Deze handvatten noemde ik voorheen de abstracte handvatten, bij gebrek aan een betere term. Aangezien deze handvatten eigenlijk eigenschappen zijn van de docent kun je ook niet echt handvatten noemen, immers, het woord handvat gebruik ik voor de wat meer concretere handelingen in de klas. Vanaf nu noem ik ze doorlopende eigenschappen. Bij elke les, contact met de leerling, op elk moment zijn deze eigenschappen belangrijk. Daarmee straal je vertrouwen uit, en voelt de leerling zich veilig. 


In bijna elke vorm van literatuur voor de doelgroep op het speciaal (basis) onderwijs worden deze eigenschappen genoemd. Veiligheid is belangrijk, betrouwbaar- en voorspelbaarheid. Dit kan doordat je een relatie opbouwt. En door flexibel te zijn geef je de leerling het idee dat er dingen mogelijk zijn, dat ze mogen zijn wie ze zijn, omdat de docent ze niet meteen afstraft op iets waar ze mogelijk op dat moment niets aan kunnen doen. 

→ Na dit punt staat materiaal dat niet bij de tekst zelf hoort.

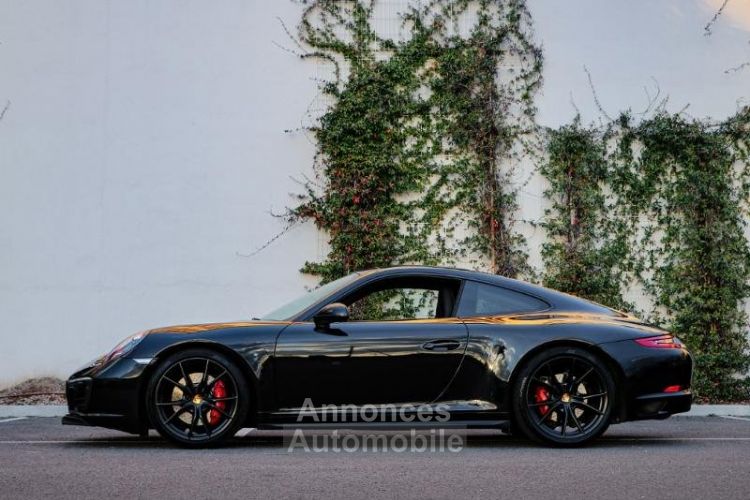 Porsche 911 3.0 420ch 4S PDK - <small></small> 127.000 € <small>TTC</small> - #8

Een aantal voorbeelden uit de literatuur:

 

Biesta (2020) zegt:" Daarbij komt ook de verantwoordlijkheid om onze leerlingen daar niet te laten (ver)dwalen, maar hun ondersteuning te bieden, zodat ze het er kunnen uithouden en via het werk hun verlangens in dialoog met de wereld kunnen brengen". De context van deze quote zie ik als volgt: 

-onderbreking: muziekles, de activiteit die je aanbiedt. Bijvoorbeeld een nieuw lied zingen met de klas. 

-de sprong: de leerling gaat proberen om mee te doen. Dit is nieuw, onvoorspelbaar en voelt als onwennig, misschien onveilig. 

-uitstel:  het moment tussen het aanbieden van het nieuwe lied en het meedoen van de leerling (in welke vorm dan ook). Deze kloof zou misschien wel de zone van naaste omgeving kunnen zijn (Vygotsky). Door het maken van tijd, het geven van ruimte, zonder te weten of het gaat lukken zet de leerling een stap in de volwassen wereld. In dit gebied zijn vragen en begrenzingen aan de orde, die we niet kunnen beïnvloeden. 

En dan komen we bij het stukje ondersteunen. Biesta stelt dat ondersteunen betekent om te helpen bij dat middenstuk te helpen, want leerlingen zullen niet onmiddelijk of automatisch naar dit stuk gaan. Het kan mislukken, een faalgevoel oproepen. 

Dit ondersteunen is bij kinderen in het speciaal extra belangrijk. Ze hebben al vaak meegemaakt dat iets niet lukt, dat ze iets niet kunnen. Ik zie het ondersteunen door de docent als een zorgvuldig proces waarbij het de expertise is van de docent is om aan te sluiten bij de belevingswereld en het kunnen inschatten wat de leerling kan en aankan. Zorgen dat de succeservaring voor het grijpen ligt, maar niet zonder er eerst moeite voor te doen. Stevens (2010) benoemt dit in het door wel de leerling proberen op niveau te laten presteren, door de leerling aan te spreken op zijn competentie. Als een van de drie onderdelen waardoor leerlingen gemotiveerd raken: competentie, autonomie en relatie
De laatste, relatie is een ontzettend belangrijk onderdeel in het kunnen ondersteunen van leerlingen. 

 

In een gesprek met Nicole Zewald benoemde ze dat een docent authentiek moet zijn die in het speciaal onderwijs gaat werken. Met authentiek maak je jezelf betrouwbaar, de leerling hoeft niet elk moment zich af te vragen hoe de docent de volgende keer doet. Daarnaast vindt ze het belangrijk dat een docent nieuwsgierig is, naar het vak, naar de leerling, naar het onderwijs. Je hoeft het allemaal nog niet te beheersen maar je moet wel nieuwsgierig naar zijn om te bouwen aan de veiligheid, de relatie en het flexibel zijn. Want als je nieuwsgierig bent beweeg je mee in wat nodig is. Arno Maas geeft ook aan dat structuur bieden zorgt voor duidelijkheid en voorspelbaarheid. 

 

Deze 5 begrippen bewegen tijdens een les continu om elkaar heen, vervlochten in de les, tussen de muziekdocent, de leerlingen, het materiaal en de lesinhoud in.